ディアナが言っている奴隷痕ってのは、奴隷契約を結ぶと手首に刻まれる『奴隷の証』みたいなものだ。ディアナの場合、もともとの刺青と被っちゃってて、正直よくわからないからな。マリナが驚くのも無理ないのかも。
「マリナ……。そうやってまたご主人さまから『可愛かったから』と言われようだなんて、……策士ですね」
「マ、マリナはそんなつもりで言ったのじゃ、ないのであります……。ただ、私、どうして私なんかがって本当にわからなくて……」
「いいえ、マリナは清純なフリして、とんだメス豚淫乱奴隷なのです。こ、この無駄に膨れた胸が証拠なのです。くぬ! くぬ! くぬ!くぬ!」
「わひゃぁ! や、やめてください姫ぇ……」
こらこら、ご主人さまより先に揉むんじゃないよ、胸を。
2人で仲良く? 並んで体育座りしてやりあう2人。見てて面白いけど、俺は腹が減っているんだよ!
「ヘイ、君たち冗談はさておき、さっさと席に着きたまえよ。マリナはともかく、ディアナは悪ふざけが過ぎるんじゃないの」
「……私はふざけてなどいないのですよ。……少ししか。ご主人さまはマリナばかり庇ってズルイのです。わ、私がどうしてご主人さまの奴隷になったと……」
「お導きに従って、じゃないの?」
「むぅー! 知りません!」
プイッ!
プイッ! じゃないよ……。いいからさっさと席についてくんないかな。さっきから注文取ろうとウェイターが待ってるんだよ。
「ジロー。奴隷にはちゃんと命令しなきゃダメよー? 甘い顔したらつけあがるとまでは言わないけどね、やっぱりケジメは必要だわ」
「そういうものなんですね。……ディアナ、マリナ、2人ともそんなとこに座ってないでちゃんと席に座れ」
俺がそう言うと、ディアナはプイッとしながらすぐ座ったが、マリナがなかなか座ろうとしないで、こちらをチラチラ伺っている。俺が「いいから座れ」ともう一度言ってようやく座った。
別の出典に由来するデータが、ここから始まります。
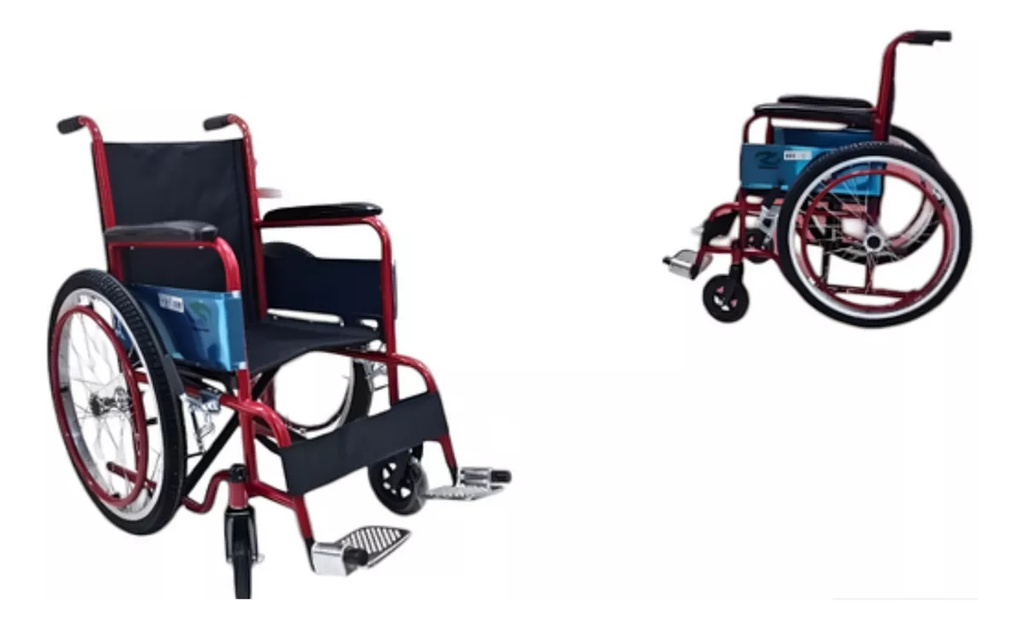 Silla De Ruedas Infantil Kids Todo Terreno Plegable Color Azul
……なんでこんなに奴隷根性が染み付いてるんだろ。奴隷一年生じゃないのかな。あれ? まさかの中古?
……中古って言い方はいくらなんでも不適切か。
一応レストランとしても営業しているだけあって、屋台と比べればメニューが多い。俺は字が読めないので、レベッカさんに一品づつ説明してもらったのだが、……やはり肉が多い。こっちの人ってすごい肉好きなんだな。肉に関連した道具でも持ち込んで売ったら金になるかもしれない。パッと思いつかないけど、なんかあるかな。
「ディアナマリナは字は読めるんだっけ? どうせここの注文はエフタさん持ちだから好きなの頼んでいいぞ」
「あ、主どの……。マリナはこんな立派なところははじめてでなにを頼んでいいのか……」
「じゃあマリナの分は私が選んであげるのです。この『ウィッチェティの素揚げ猟師風ソース』なんかが良いと思うのよ」
さっきレベッカさんに説明してもらったけど、ウィッチェティてデカイ芋虫だって言ってたけどな……。森の住人のエルフ的にはご馳走なのか、それとも意地悪で言ってるのか全く判別付かないわ。
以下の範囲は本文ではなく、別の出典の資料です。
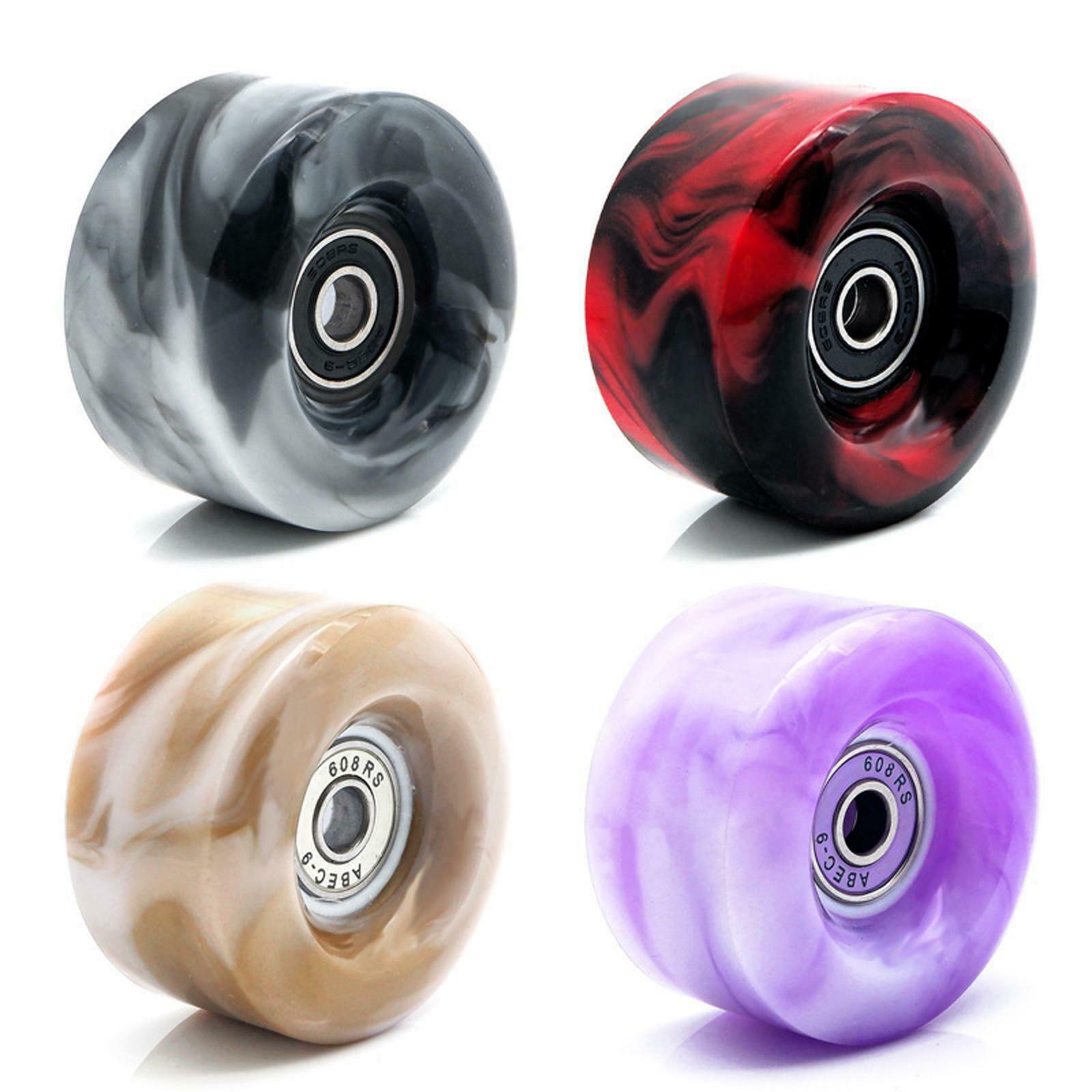 8Pcs Skate Wheels with Bearings PU Wheels Skating Accessories Red Black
「マリナ。肉か魚か野菜か芋虫か選べ。ちなみディアナが選んだやつは芋虫だ」
「さ、魚を食べてもいいのでありますか?」
魚がよかったらしいんで、マリナは『ヒッピスメリの蒸し焼き香草添え』と『ごはん』を。ディアナはガチで芋虫を注文。意地悪で言ってるんじゃなかったのか……。
レベッカさんは『ムームルークのステーキ』『エリシェ風ラザニア』『肉うどん』『ガラガ貝の蒸らし飯』。
「みんなで食べればいいと思って」とはレベッカさんの談だが、それにしても頼みすぎだろ。よく食べる人なのは知っていたけど、人の金だと思って遠慮なく注文しているな。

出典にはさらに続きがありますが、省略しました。